‘A song is not just a song’ a keynote from Professor Deborah Cheetham AO

One of One
7 min readMar 13, 2020

Thank you. It is a great honour to be here with you this morning in this beautiful venue to celebrate International Women’s Day. In 2020 the call to action is to use every ounce of our influence and ability, our talent and commitment to champion equality, to celebrate the many and varied achievements of women, to raise awareness against bias and to take action for equality. I speak to you today as someone who has fought the battle for equality on many fronts. As I stand on this country this morning I know I have the ancestors and elders of the Boonwurrung and their close neighbours the Wurundjeri to thank for the strength that I draw on every day. For 70 thousand years or more the Kulin nations have sung and danced and painted their culture on this land and this land has a long memory.

In all the world, Australia alone can lay claim to the longest continuing cultures. We live each day drawing energy from a land which has been nurtured by the traditional owners for more than 2000 generations. Although we celebrate this more today than in any other time since our shared history began, there is little doubt that there is still a great deal of progress to be made.

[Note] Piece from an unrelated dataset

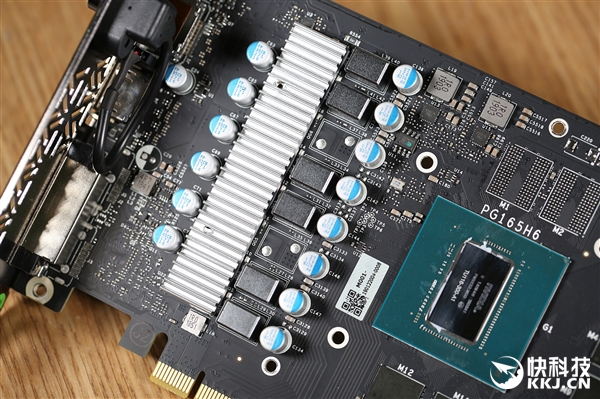 七彩虹iGame GTX 1660 Ultra 6G显卡拆解图赏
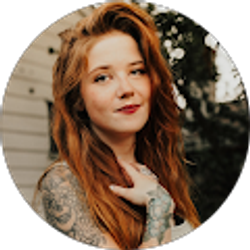 Profile photo of Aubrey at Brey Photo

A decade ago I spoke about the lack of opportunity for Indigenous opera singers, the need for new lyrics for our national anthem and of the luxury of failure — an experience at the time not often afforded to Aboriginal people. Sadly, if you failed personally you failed on behalf of everyone. This equation, however did not operate in the reverse. A success made you some how out-of- the-ordinary and perhaps that was so on occasion. However, most of the time I’ve found myself exercising a kind of life practice that was not merely the result of education or nurturing but part of my DNA and extends me to this day well beyond the hybrid of humanity you see before you.

Not surprisingly a common theme has remained throughout the last 30 years and that is the power and necessity of music and the role it plays in shaping and sustaining communities. Music is my earliest memory and has always been for me a way of knowing the world and making sense of everything in it.

For what purpose do we strive in this life if not to gain the deepest possible knowledge and understanding of ourselves and the longest practice of knowing is through the arts. Music, dance, art and the spoken narrative, this is how human kind has traditionally made sense of its existence. It is our way of knowing. For Indigenous Australians the arts were the means of acquiring and passing on knowledge. A song is not just a song. It can be a map to your identity. It can provide you with a path that will lead you home.

One of my least favourite tasks throughout my career is the updating of my bio and these days I’m even less in favour of updating the bio image. Last year I finally arrived at a point where all I wanted to be was succinct. I am a 21st century urban woman — Yorta Yorta by birth, stolen generation by policy, soprano by diligence, composer by necessity and lesbian by practice. It has taken me a long time to arrive at this point of awareness and acceptance.

As most of you would know I did not begin my public life as a composer. For most of my career I have been best known for my work as a soprano although as a student of music I began my formal training as an instrumentalist, majoring in piano and flute. My role as a composer developed relatively late in life and basically through necessity. I had experienced, during the first 20 years of my career, a classical music industry where Indigenous voices were kept either silent or were reinterpreted by only non-Indigenous composers. As years passed and I continued to be overlooked by major companies as a performer, I realised that things would not change for the next generation of Indigenous singers unless I created a space in which they could safely develop their skills. A decade ago this led to the creation of Short Black Opera Company.

I have spent the last 20 years developing my compositional voice and during that time I have had the privilege of specialising in coupling the beauty and diversity of our Indigenous languages with the power and intensity of classical music. I made Melbourne my home 16 years ago and very early on I had the great fortune of meeting Senior Boonwurrung elder Aunty Carolyn Briggs. She asked me what projects I had underway and I told her I wanted to write an opera and that I already had the title — Pecan Summer. “That’s great Deb, you’ve got a title. Have you got a story?” “Well no, actually, I don’t. I’m still searching for that story. I’m still searching for what the meaning of Pecan Summer will be.” Aunty Carolyn looked at me for a moment and said “You need to get up to Shepparton, Deb. You need to go and find your family. You need to get up to Cummeragunja and learn about where you come from. You need to know about the walk-off from Cummeragunja Mission Station.” Now I’m just going to say those words one more time — the walk-off from Cummeragunja Mission Station. If you’re hearing those words for the first time, can you please raise your hand? (80% of the women in the room raise their hands) OK, so it was definitely worth getting up at 6.30 this morning to be here.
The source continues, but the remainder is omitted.